Am Areal Nordwestbahnhof entsteht ein Ausweichquartier für das Brut und andere Aktivitäten.

Foto: APA

Kira Kirsch und Veronica Kaup-Hasler bei einer Begehung des Areals.

Foto: APA

Innen steht bereits eine Bühne bereit.

Foto: APA

Wien – Ein Textilunternehmen residierte hier, später ein Getränkegroßhandel. Zuletzt stand das Industrie- und Büroareal am ehemaligen Nordwestbahnhof in Wien-Brigittenau leer. Nun prangt seit wenigen Tagen ein großer Schriftzug auf der Fassade: "New Art on Stage". Der Pfeil weist in den Innenhof. Hier entsteht gerade ein Zentrum für die freie Performance-, Tanz- und Theaterszene. Federführend ist das Koproduktionshaus brut wien. Mit an Bord sind aber auch WUK und Wiener Festwochen.

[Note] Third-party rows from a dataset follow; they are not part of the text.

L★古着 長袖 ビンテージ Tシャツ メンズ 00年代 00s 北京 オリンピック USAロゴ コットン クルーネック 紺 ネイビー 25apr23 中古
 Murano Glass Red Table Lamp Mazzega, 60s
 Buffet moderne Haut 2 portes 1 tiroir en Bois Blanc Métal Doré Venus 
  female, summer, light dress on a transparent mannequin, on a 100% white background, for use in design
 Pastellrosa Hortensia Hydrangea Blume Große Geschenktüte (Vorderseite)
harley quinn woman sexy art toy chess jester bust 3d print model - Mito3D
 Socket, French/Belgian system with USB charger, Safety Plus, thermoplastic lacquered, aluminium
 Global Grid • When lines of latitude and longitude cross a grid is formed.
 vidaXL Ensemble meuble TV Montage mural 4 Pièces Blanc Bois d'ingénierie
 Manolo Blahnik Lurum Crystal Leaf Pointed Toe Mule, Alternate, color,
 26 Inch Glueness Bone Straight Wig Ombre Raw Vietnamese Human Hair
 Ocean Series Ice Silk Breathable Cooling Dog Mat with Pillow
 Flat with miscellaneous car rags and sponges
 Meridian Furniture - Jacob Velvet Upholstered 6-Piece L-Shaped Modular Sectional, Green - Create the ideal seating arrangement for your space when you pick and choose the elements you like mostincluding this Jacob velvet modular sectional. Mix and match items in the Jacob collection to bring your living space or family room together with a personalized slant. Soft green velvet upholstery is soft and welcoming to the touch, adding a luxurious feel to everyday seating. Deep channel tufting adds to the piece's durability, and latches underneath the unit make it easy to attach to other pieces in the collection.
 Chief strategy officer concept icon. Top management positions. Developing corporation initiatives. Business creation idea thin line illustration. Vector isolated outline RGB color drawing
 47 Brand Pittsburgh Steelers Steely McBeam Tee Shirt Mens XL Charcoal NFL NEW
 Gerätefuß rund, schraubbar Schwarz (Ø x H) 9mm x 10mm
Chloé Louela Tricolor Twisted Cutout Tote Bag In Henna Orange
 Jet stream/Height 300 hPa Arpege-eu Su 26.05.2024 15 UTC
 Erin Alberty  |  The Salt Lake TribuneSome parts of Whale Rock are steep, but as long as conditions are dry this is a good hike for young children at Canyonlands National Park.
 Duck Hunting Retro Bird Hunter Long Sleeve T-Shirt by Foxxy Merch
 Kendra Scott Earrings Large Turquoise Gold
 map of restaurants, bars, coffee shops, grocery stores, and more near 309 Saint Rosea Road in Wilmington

Als "brut nordwest" wird das brut hier bis Ende 2023 ein 1.600 Quadratmeter umfassendes temporäres Hauptquartier mit Aufführungs- und Probenraum, Büro- und Lagerräumen aufschlagen. Anfang 2024 soll das brut dann in der neuen festen Spielstätte in der ehemaligen Zentralbankzweigstelle St. Marx im dritten Bezirk einziehen. "Wir sind an beiden Orten ganz nahe dran an spannenden Transformationen", freute sich die Künstlerische Leiterin Kira Kirsch heute im Gespräch mit der APA über die Chance, lebendiges Theater mitten in Zentren des urbanen Umbruchs entwickeln und zeigen zu können. Die Frage, ob man in zweieinhalb Jahren dann nicht am liebsten gleich hierbleiben will, wird sich nicht stellen: Das Gebäude soll als Teil eines großen Immobilienentwicklerplans auf dem Nordwestbahnhof-Gelände abgerissen werden und Wohnhäusern Platz machen.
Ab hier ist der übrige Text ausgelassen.